**Source information:**

* * *

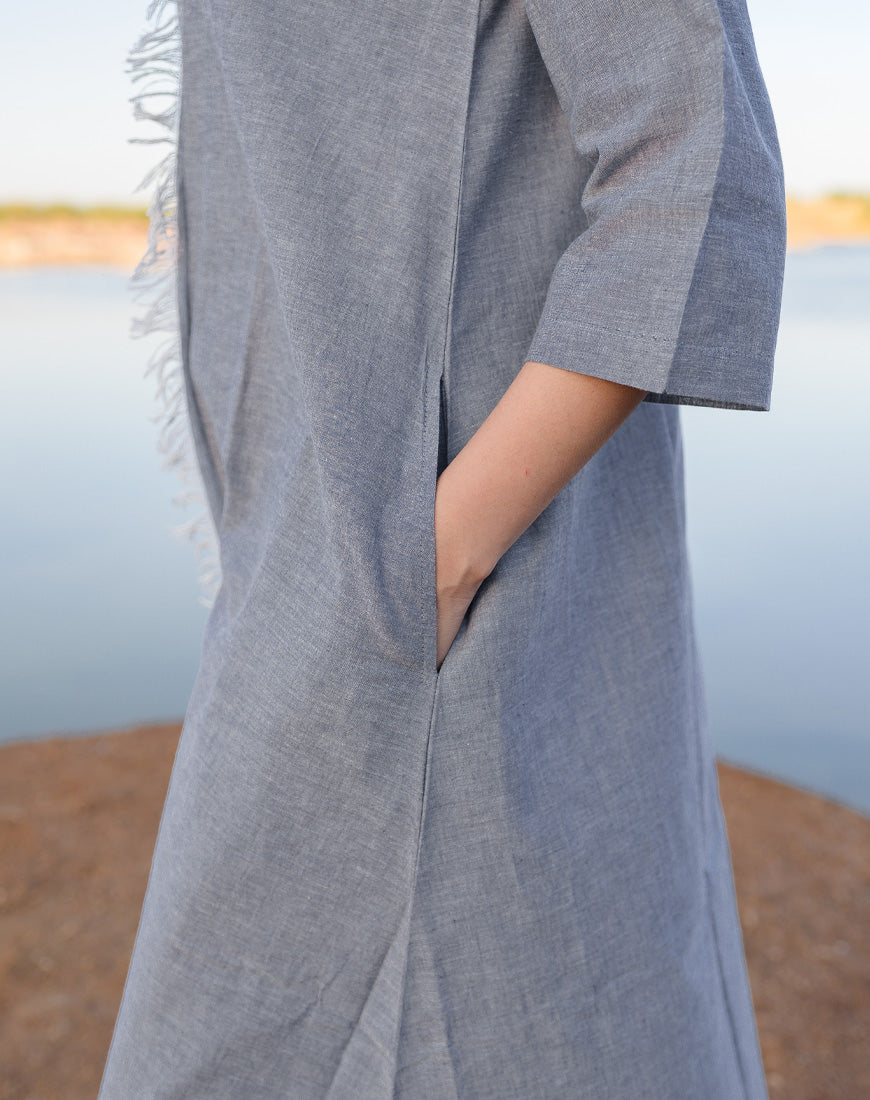 Grey Fringe Dress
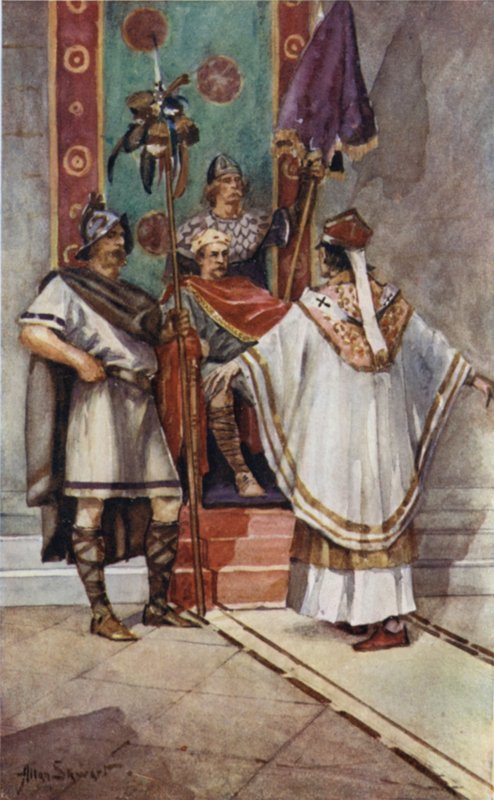 Szent Pál és Edwin király (színes litó) alkotó: Allan (after) Stewart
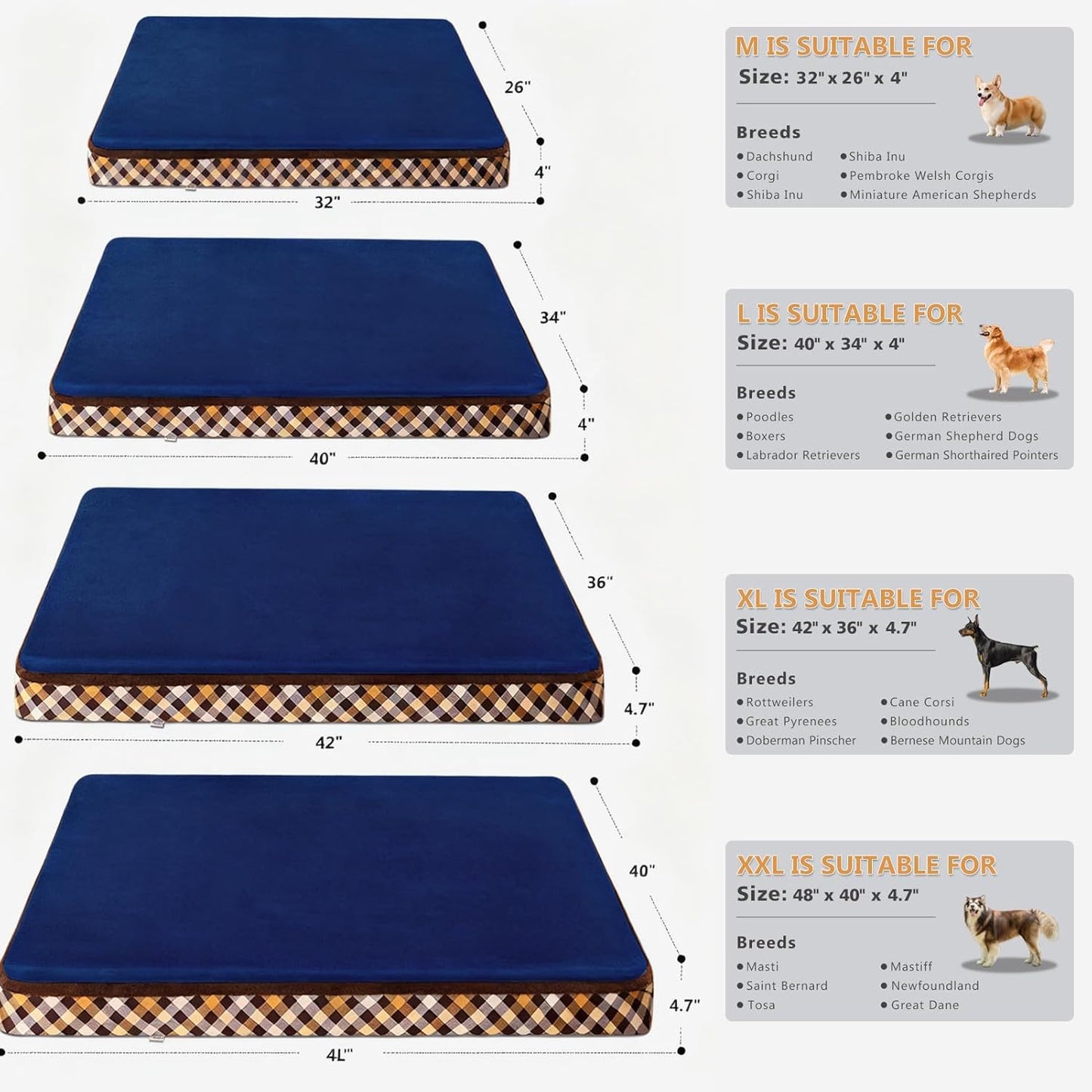 Magic Dog Orthopedic Extra Large Dog Bed, Super Soft 2-Layer High Density Foam XL Jumbo Pet Bed, No Installation Non Slip Bottom Dog Mattress with Removable Washable Cover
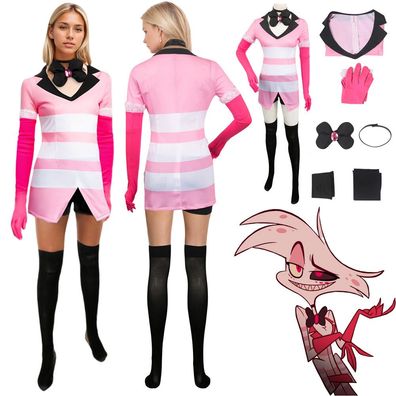 Hazbin Hotel Angel Dust Cosplay Kostum Damen Halloween Karneval Rosa Anzug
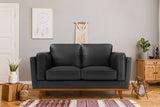 Valencia Artisan Top Grain Leather Loveseat Sofa, Black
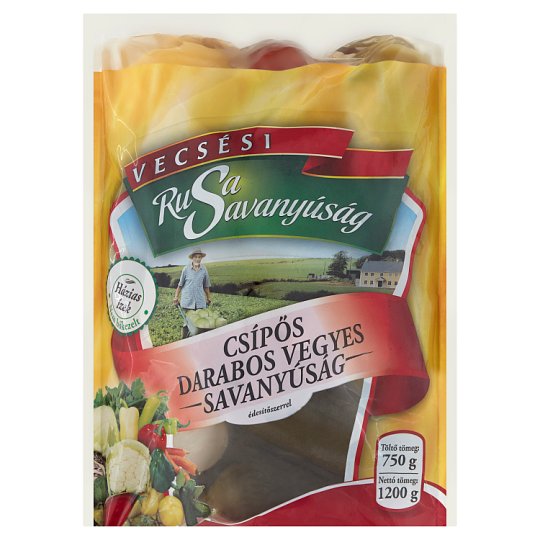 Rusa Savanyúság csípős darabos vegyes savanyúság édesítőszerrel 1200 g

* * *

**Problem requirements:**
All lines above are to be restated word for word, with pictures excluded.

**Result below:**
 Grey Fringe Dress
 Szent Pál és Edwin király (színes litó) alkotó: Allan (after) Stewart
 Magic Dog Orthopedic Extra Large Dog Bed, Super Soft 2-Layer High Density Foam XL Jumbo Pet Bed, No Installation Non Slip Bottom Dog Mattress with Removable Washable Cover
 Hazbin Hotel Angel Dust Cosplay Kostum Damen Halloween Karneval Rosa Anzug
 Valencia Artisan Top Grain Leather Loveseat Sofa, Black
 Rusa Savanyúság csípős darabos vegyes savanyúság édesítőszerrel 1200 g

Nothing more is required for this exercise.